Arend Kapteyn, UBS’s global head of economics and strategy research, set out the numbers in a client note, writing, "Base case, we see the S & P 500 rising to 7,500 in '26 driven by ~14% earnings growth, nearly half of that from Tech," He added that the global economy should expand in 2026, although near term conditions will be weaker. Kapteyn warned of a "speed bump" over the next four to five months as tariffs raise U.S. prices and reduce export volumes, creating a temporary soft patch before growth reaccelerates.
Analysts at UBS expect the market to shift character later next year as momentum moves beyond a narrow set of megacap technology winners. The firm anticipates an "imminent broadening and strengthening of growth" beginning in the second quarter, which would widen gains into cyclical sectors that have lagged during the technology led rally. That potential rotation carries implications for portfolio positioning, as historically stretched valuations in a few large names could give way to earnings led gains across a broader swath of the market.
Market reactions to the mix of high valuations and tariff risks have been uneven.

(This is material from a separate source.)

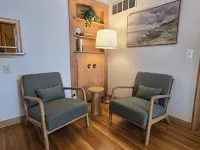 Comfy 2-Bedroom Apartment Near Downtown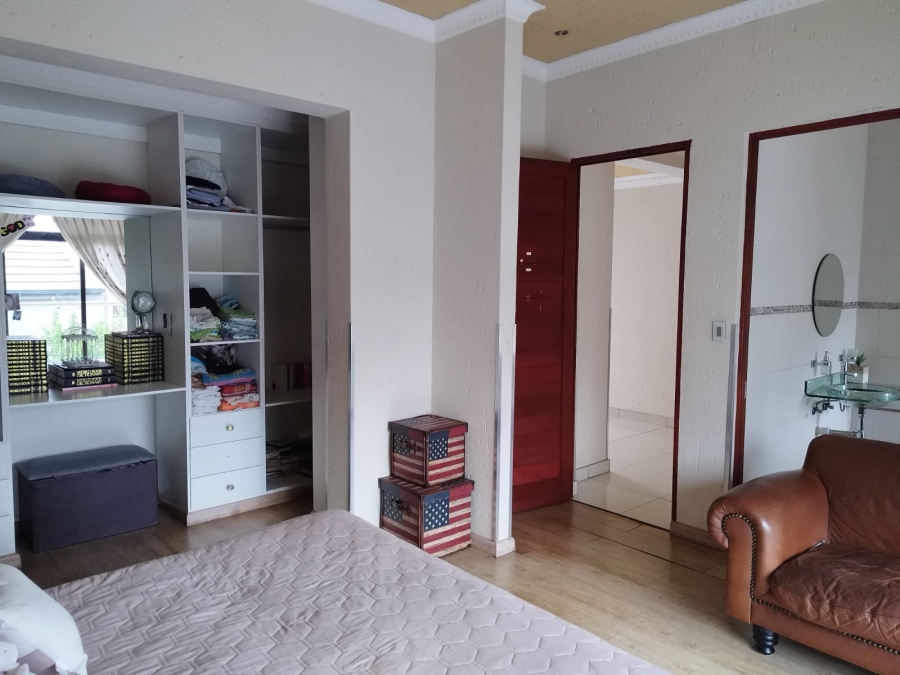 4 Bedroom Property for Sale in Serengeti Lifestyle Estate Gauteng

The artificial intelligence trade came under pressure in the last week, yet certain technology related names posted sharp rebounds, with Palantir Technologies rallying more than 4 percent and 7 percent respectively in recent sessions. Semiconductor names and enterprise software companies such as Broadcom and Oracle also saw intraday uplifts as investors rotated into select winners.
UBS’s call rests heavily on corporate earnings growth returning to a stronger trajectory. If technology firms deliver the outsized profit gains the bank expects, market capitalization will be driven higher even if price to earnings multiples cool modestly. The firm’s scenario implies nearly 12 percent upside from current levels, an outcome that would mark a notable extension of the decade long market advance led by innovation and productivity gains in computing and software.
Policymakers will be a wildcard. Tariff measures that tighten domestic price pressures could force central banks to weigh inflation risks more carefully, complicating the near term outlook. For investors, the message from UBS is procedural: prepare for short run volatility as policy and price transmission play out, and for a potential broadening of gains later in the year as earnings momentum spreads beyond a small number of headline tech names.